Si susseguono incontri e ci si riempie la bocca con il tema della dispersione scolastica e di quanto sia in aumento il fenomeno nel nostro Paese, ma basterebbe dare un occhio a ciò che avviene nei tribunali per capire che non c’è argine alla fuga dalle scuole di migliaia di giovani in età scolare quando neanche i genitori ne sono più responsabili.
Secondo una sentenza emessa ieri dalla Cassazione “non possono essere puniti i due genitori filippini che nell’anno scolastico 2012-2013 non hanno iscritto il figlio, con un’età non specificata ma al di sotto dei dodici anni, a scuola”. Per due motivi. Il primo- come riporta salernonotizie.it– è che la causa era stata mal istruita al punto che, nelle carte inviate alla suprema corte, non si specificava se lo scolaro frequentasse le scuole medie o addirittura le elementari. Non a caso, dopo la sentenza la Cassazione ha rispedito gli atti al Tribunale di competenza per “ulteriori accertamenti”.
Ma è il secondo motivo quello più importante, e che dà indicazioni generali: la Legge Moratti del 2003, l’ultima intervenuta sul tema obbligo scolastico nel tentativo di alzare i limiti fin lì previsti a 15 anni, ha sì chiesto che il “diritto-dovere” all’istruzione e alla formazione fosse garantito per dodici anni a partire dall’iscrizione alla prima elementare (quindi fino ai 18 anni), ma poi non ha previsto pene per chi questo obbligo trasgredisce.
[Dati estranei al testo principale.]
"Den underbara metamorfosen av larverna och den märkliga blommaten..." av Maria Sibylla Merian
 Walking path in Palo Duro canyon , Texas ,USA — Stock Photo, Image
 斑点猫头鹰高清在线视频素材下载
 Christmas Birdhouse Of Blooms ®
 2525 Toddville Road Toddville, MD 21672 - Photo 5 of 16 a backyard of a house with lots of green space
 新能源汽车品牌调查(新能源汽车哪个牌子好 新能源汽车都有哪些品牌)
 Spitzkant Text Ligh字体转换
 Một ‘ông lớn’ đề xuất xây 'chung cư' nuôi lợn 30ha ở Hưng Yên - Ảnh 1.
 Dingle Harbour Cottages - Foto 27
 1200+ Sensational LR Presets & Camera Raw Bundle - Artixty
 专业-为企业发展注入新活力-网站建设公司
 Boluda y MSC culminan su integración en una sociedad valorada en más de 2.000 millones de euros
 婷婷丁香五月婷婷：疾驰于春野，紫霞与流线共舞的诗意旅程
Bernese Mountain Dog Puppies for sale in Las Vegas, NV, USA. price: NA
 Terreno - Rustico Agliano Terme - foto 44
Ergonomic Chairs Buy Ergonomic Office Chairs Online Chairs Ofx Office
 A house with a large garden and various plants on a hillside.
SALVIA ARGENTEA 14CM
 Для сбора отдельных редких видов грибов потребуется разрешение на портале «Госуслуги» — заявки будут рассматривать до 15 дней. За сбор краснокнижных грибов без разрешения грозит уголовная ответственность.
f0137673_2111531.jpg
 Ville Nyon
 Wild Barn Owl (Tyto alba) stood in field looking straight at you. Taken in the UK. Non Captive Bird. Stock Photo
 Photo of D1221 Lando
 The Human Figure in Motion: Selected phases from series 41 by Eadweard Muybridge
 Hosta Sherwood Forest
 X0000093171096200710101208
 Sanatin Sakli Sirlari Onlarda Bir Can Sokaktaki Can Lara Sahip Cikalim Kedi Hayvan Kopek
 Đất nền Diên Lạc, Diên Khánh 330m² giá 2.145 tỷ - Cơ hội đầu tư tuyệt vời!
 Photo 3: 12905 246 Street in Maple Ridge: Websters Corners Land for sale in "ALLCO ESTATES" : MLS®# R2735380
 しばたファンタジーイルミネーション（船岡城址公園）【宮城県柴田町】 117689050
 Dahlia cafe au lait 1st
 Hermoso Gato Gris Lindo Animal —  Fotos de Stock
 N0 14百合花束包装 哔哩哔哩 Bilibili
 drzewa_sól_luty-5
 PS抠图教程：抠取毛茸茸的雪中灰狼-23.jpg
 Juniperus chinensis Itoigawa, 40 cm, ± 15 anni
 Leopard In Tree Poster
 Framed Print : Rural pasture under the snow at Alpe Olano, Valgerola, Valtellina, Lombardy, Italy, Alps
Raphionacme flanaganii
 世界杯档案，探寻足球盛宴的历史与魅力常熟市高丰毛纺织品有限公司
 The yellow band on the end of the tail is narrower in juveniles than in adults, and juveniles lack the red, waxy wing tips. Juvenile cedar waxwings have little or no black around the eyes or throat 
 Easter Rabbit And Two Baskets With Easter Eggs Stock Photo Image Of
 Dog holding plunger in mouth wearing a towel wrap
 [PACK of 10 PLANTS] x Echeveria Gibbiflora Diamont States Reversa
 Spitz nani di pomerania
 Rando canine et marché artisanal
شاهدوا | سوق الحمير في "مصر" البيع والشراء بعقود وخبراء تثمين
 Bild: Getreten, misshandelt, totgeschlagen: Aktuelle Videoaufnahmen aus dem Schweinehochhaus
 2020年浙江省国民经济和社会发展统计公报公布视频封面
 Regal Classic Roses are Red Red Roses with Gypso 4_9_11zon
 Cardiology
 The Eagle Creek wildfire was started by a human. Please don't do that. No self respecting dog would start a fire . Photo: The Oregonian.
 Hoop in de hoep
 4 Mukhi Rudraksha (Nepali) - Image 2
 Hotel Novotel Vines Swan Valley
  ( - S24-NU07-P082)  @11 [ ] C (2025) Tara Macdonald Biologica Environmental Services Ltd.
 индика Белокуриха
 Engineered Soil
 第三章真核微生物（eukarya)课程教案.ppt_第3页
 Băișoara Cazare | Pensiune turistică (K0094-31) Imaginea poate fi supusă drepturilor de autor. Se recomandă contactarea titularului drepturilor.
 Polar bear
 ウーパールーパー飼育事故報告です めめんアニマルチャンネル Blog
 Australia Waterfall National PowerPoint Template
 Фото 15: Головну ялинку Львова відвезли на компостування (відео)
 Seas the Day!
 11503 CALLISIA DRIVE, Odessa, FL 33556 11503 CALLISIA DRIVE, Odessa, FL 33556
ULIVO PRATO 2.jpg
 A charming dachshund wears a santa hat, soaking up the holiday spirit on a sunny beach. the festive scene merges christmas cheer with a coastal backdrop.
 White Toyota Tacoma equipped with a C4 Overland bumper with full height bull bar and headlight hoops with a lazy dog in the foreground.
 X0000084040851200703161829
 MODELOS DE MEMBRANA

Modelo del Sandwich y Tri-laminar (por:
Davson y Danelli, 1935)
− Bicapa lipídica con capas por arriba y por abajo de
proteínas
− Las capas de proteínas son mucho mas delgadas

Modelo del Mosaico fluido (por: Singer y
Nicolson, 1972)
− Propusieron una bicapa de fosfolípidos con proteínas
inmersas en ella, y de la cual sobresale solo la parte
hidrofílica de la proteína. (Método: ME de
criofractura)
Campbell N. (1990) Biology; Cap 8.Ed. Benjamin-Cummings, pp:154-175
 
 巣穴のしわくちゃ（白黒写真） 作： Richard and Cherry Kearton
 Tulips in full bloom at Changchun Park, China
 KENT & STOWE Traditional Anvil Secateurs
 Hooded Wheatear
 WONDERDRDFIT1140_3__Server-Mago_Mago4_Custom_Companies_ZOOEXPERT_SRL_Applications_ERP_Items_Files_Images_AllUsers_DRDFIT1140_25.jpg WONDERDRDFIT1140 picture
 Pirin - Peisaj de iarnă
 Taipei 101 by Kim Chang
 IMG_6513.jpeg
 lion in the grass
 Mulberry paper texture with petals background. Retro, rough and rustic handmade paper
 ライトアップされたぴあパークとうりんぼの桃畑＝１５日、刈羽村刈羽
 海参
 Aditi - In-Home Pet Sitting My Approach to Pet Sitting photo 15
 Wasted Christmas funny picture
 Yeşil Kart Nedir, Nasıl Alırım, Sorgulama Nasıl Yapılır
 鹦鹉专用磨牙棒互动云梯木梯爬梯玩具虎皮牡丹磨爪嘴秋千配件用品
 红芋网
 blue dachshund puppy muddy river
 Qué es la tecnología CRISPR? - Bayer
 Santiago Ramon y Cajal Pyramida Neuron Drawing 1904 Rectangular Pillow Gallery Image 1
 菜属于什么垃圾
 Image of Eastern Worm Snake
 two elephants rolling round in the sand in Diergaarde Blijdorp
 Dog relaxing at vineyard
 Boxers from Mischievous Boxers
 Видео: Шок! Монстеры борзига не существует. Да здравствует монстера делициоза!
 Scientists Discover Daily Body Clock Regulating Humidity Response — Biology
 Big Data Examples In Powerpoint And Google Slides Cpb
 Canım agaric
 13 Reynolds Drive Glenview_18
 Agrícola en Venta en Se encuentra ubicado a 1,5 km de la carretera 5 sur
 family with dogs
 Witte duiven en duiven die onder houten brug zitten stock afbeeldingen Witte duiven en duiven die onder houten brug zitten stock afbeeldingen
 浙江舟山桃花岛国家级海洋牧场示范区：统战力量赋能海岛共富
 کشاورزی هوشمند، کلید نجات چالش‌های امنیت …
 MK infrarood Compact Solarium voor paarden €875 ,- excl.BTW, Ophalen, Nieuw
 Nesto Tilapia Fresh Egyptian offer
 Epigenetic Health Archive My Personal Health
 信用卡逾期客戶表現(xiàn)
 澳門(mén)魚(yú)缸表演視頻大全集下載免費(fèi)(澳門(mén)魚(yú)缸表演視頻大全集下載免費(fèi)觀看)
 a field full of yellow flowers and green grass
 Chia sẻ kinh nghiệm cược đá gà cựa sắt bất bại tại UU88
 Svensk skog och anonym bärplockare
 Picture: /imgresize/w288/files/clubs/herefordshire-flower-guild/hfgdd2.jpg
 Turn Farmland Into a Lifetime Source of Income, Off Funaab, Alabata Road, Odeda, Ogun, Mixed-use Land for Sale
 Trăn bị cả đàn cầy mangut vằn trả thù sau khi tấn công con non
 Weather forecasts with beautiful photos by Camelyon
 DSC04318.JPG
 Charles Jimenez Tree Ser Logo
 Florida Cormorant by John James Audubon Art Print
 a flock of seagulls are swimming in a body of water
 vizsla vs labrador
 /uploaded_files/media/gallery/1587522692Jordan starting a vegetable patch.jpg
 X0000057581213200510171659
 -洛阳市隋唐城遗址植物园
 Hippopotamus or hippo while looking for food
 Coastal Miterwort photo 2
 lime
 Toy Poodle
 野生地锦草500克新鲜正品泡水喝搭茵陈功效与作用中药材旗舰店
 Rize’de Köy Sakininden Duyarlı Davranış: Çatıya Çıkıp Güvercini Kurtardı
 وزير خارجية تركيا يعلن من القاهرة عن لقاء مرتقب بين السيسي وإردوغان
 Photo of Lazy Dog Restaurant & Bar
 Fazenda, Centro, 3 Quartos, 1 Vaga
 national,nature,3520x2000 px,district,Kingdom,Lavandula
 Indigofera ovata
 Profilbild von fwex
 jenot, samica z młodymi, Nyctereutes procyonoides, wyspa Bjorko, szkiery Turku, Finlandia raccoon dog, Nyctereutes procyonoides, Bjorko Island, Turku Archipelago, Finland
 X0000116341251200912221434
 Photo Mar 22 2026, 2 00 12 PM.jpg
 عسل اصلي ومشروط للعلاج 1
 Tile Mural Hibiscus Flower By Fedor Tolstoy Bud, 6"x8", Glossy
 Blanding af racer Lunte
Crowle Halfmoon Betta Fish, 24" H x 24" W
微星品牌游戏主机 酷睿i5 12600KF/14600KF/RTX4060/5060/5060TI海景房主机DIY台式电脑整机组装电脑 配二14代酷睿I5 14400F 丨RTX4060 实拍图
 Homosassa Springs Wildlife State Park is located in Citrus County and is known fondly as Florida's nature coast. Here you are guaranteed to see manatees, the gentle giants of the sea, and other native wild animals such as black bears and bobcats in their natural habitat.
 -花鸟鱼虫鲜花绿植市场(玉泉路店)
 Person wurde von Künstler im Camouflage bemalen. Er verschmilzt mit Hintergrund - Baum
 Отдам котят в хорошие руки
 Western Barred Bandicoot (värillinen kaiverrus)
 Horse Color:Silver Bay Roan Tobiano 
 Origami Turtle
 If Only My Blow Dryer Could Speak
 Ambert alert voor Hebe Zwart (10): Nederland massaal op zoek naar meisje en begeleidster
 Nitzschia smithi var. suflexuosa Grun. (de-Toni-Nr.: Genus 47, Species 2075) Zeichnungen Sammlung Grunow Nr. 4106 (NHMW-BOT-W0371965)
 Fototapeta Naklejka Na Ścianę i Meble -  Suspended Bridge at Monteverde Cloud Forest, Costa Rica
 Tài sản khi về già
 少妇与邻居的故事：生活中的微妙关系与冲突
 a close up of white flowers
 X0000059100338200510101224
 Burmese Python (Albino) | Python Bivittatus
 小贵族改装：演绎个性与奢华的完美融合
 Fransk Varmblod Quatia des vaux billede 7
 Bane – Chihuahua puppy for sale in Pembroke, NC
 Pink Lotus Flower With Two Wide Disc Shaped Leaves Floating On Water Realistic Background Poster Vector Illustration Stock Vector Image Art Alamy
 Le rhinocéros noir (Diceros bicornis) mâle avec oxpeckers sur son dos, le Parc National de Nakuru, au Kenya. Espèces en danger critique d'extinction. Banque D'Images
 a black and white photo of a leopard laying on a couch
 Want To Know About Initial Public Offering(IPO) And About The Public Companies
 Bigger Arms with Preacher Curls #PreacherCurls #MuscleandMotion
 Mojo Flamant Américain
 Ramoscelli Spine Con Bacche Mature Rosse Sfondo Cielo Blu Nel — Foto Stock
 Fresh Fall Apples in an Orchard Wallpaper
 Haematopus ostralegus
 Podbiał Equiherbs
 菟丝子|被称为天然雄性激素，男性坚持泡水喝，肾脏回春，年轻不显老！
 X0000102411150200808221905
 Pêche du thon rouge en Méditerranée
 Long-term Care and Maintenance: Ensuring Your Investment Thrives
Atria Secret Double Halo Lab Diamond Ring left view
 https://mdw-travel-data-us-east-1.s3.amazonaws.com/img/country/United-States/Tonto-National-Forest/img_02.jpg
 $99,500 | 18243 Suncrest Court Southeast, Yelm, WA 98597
La “Moratti”, di fatto, ha abrogato la legge del 1962 che estendeva l’obbligo scolastico fino al conseguimento della licenza di scuola media inferiore. Ancora, grazie a una serie di successive abrogazioni realizzate nel 2010, i genitori oggi non hanno responsabilità penali di fronte a un figlio che non frequenta le medie inferiori.